• [EXERCISE REQUIREMENTS]:
Beginning with the line that contains "Eugenia Tobal mostró", reproduce the remaining lines of the material exactly, up to and including the last one, but no pictures.

EXCERPTED RECORDS below:

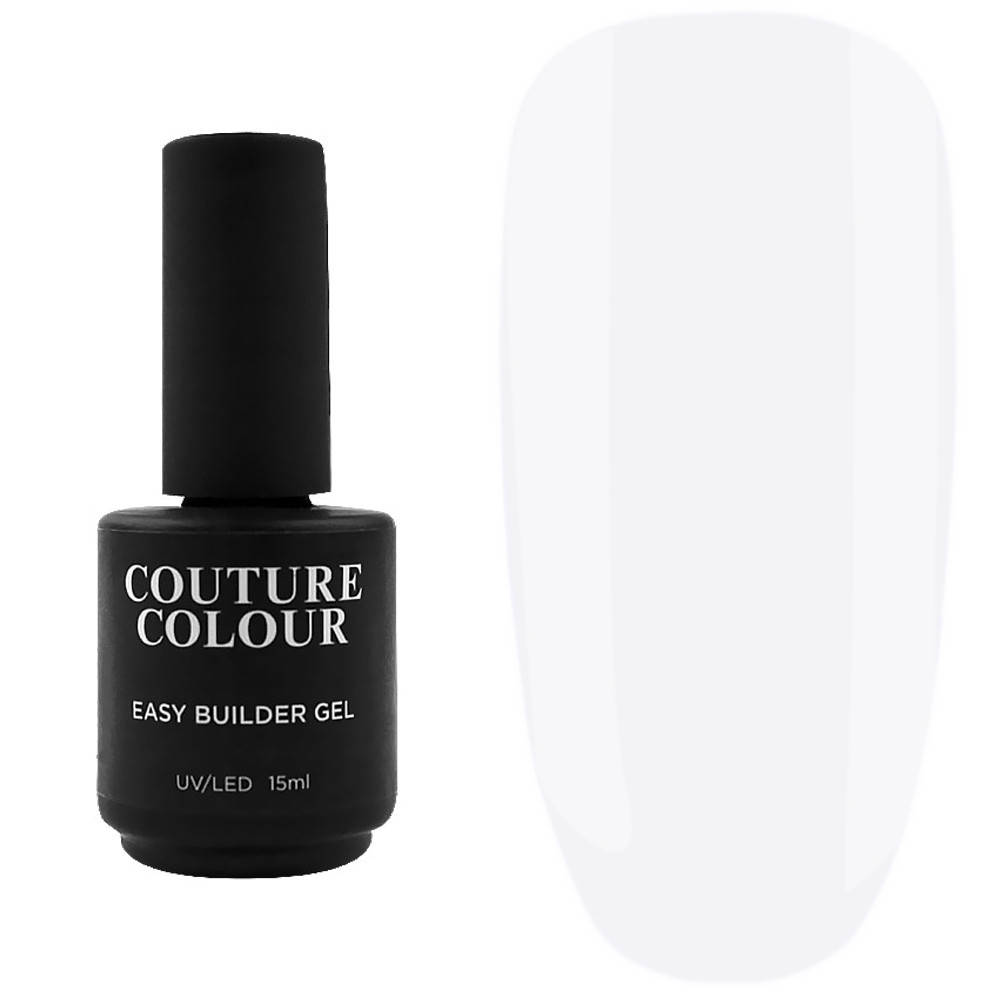 

Быстрый билдер-гель Couture Colour Easy Builder Gel EBG 00, прозрачный, 15 мл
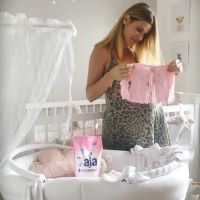 Eugenia Tobal mostró el costado más "doloroso" de su embarazo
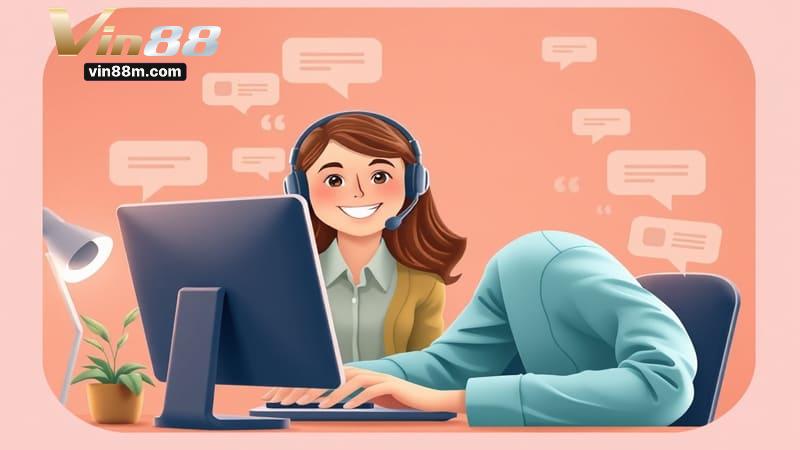 Tổng Hợp Các Kênh Liên Hệ Vin88 Tổng Hợp Các Kênh Liên Hệ Vin88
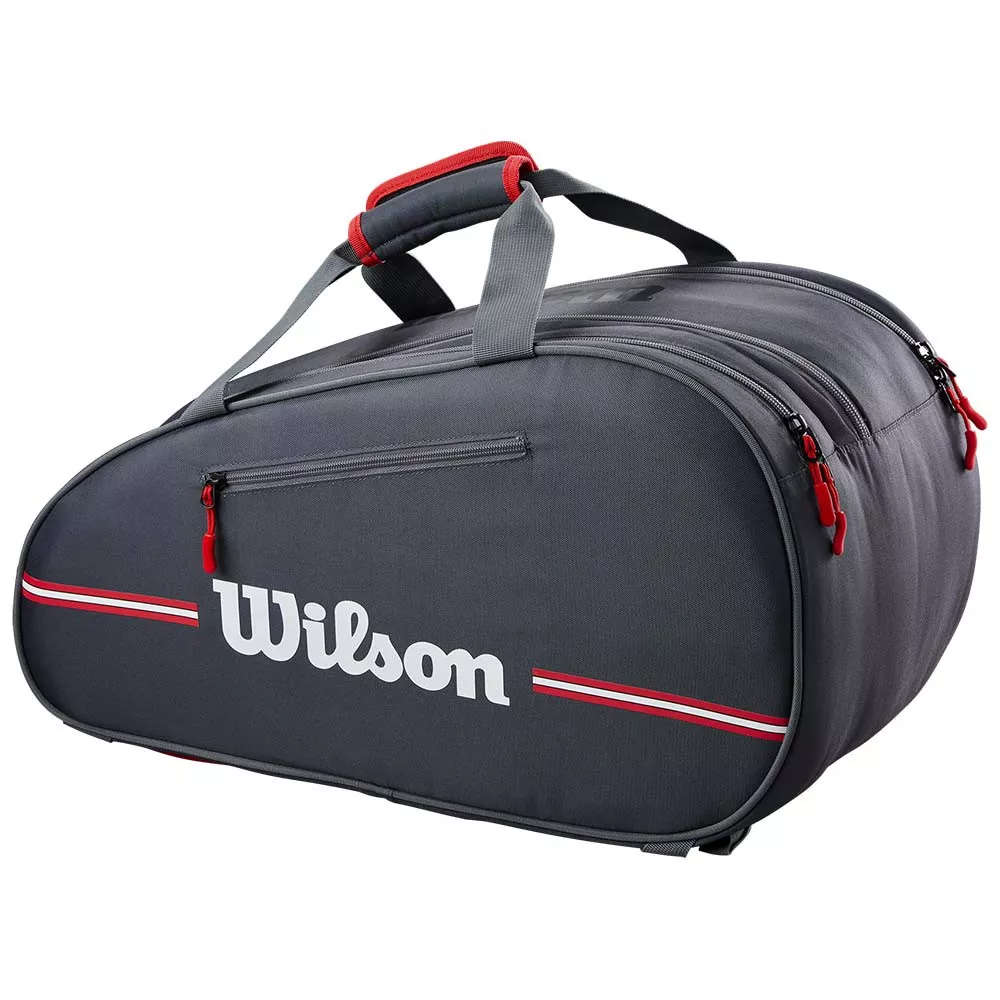 Sac Wilson Team Padel Blanc / Rouge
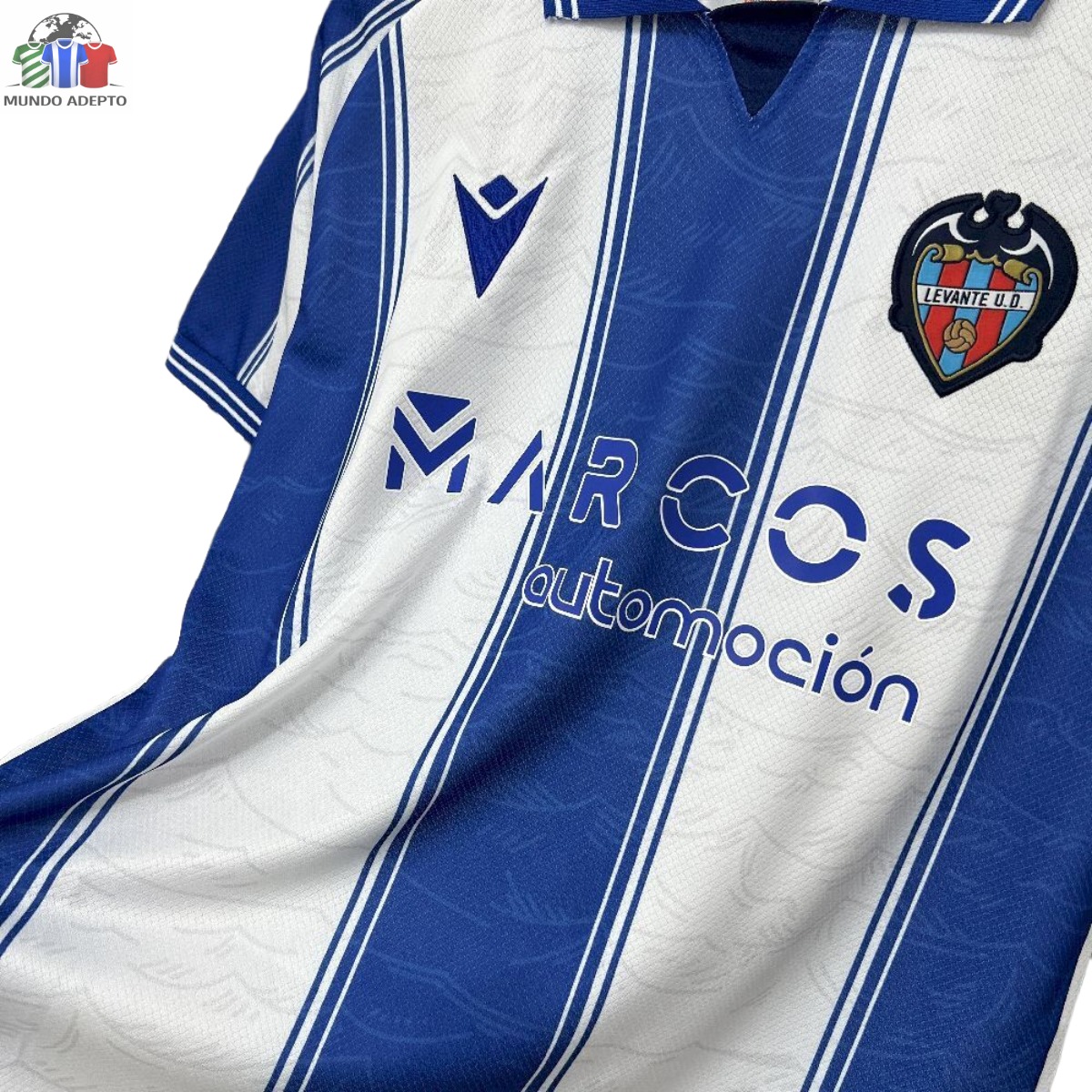 Camisola Levante Alternativa - 25/26 3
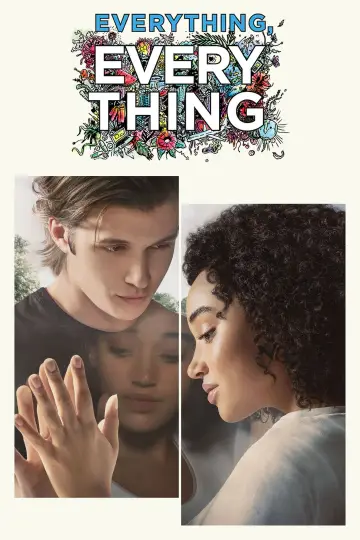 Poster to the movie "Everything, Everything" #989661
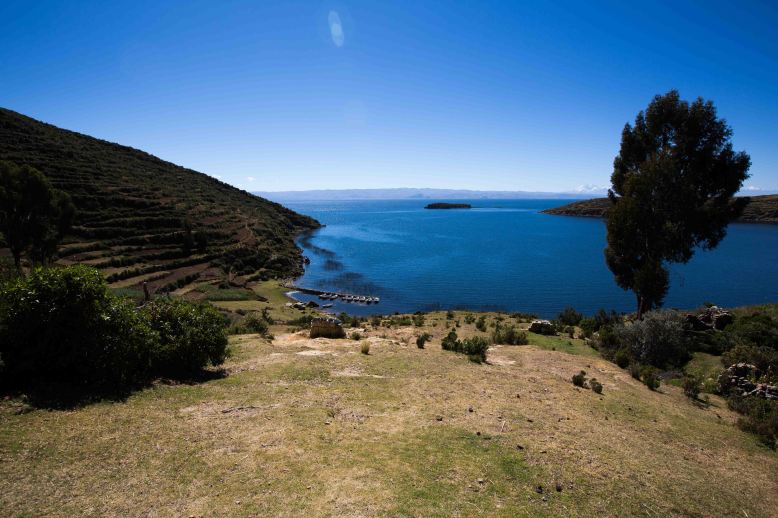 Copacabana & Isla del Sol_033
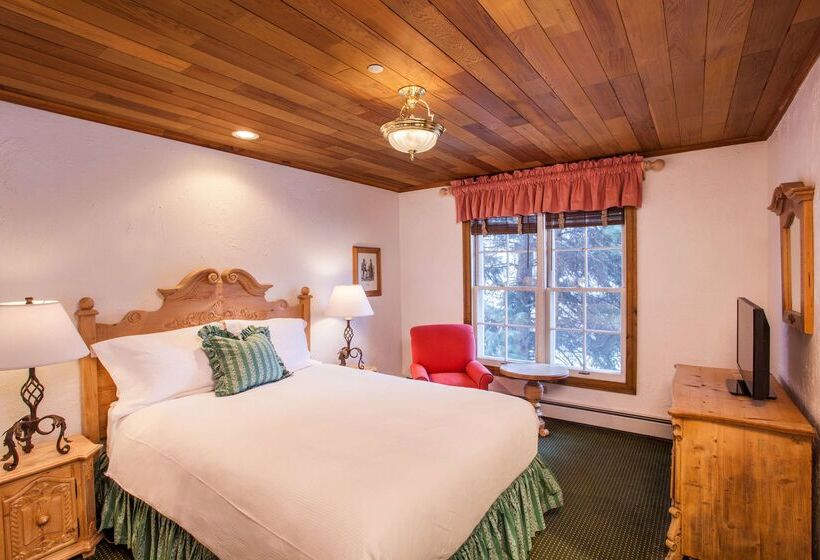 هتل Christiania Lodge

End of EXCERPTED RECORDS.

• [OUTPUT FOR THIS TASK]:
 Eugenia Tobal mostró el costado más "doloroso" de su embarazo
 Tổng Hợp Các Kênh Liên Hệ Vin88 Tổng Hợp Các Kênh Liên Hệ Vin88
 Sac Wilson Team Padel Blanc / Rouge
 Camisola Levante Alternativa - 25/26 3
 Poster to the movie "Everything, Everything" #989661
 Copacabana & Isla del Sol_033
 هتل Christiania Lodge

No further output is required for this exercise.